● TO DO
Print the line containing "Женская футболка хлопок", then every line after it through the end of the material, exactly as written and without pictures.

● DATASET SECTION
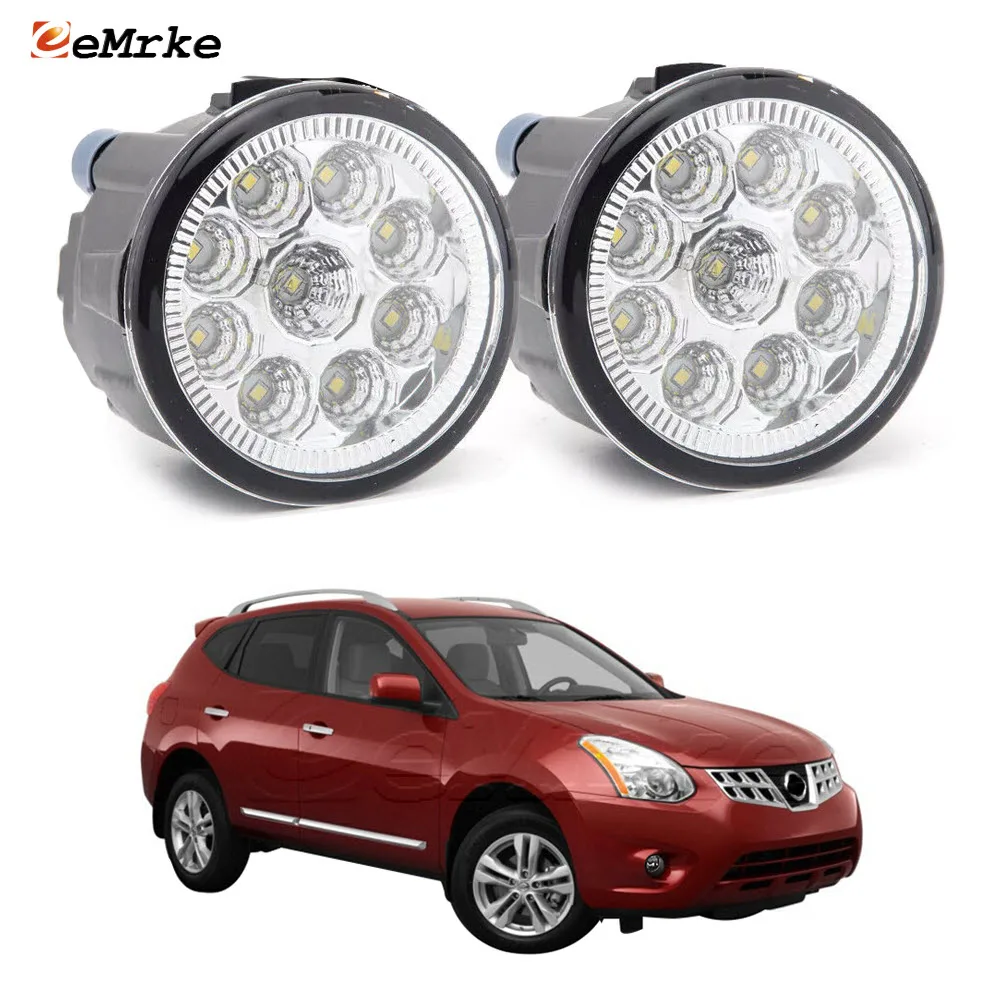 Upgrade LED Fog Lights Driving Lamp PTF For Nissan Rogue I Facelift 2011 2012 2013 Front Bumper DRL Car Daytime Running Light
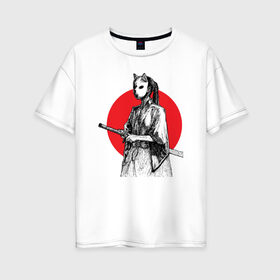 Женская футболка хлопок Oversize с принтом Самурай в Екатеринбурге, 100% хлопок | свободный крой, круглый ворот, спущенный рукав, длина до линии бедер
 | аниме | катана | самурай | япония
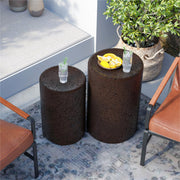 Concrete Side Table Set of 2 Round Nesting Outdoor End Tables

● RESPONSE
 Женская футболка хлопок Oversize с принтом Самурай в Екатеринбурге, 100% хлопок | свободный крой, круглый ворот, спущенный рукав, длина до линии бедер
 | аниме | катана | самурай | япония
 Concrete Side Table Set of 2 Round Nesting Outdoor End Tables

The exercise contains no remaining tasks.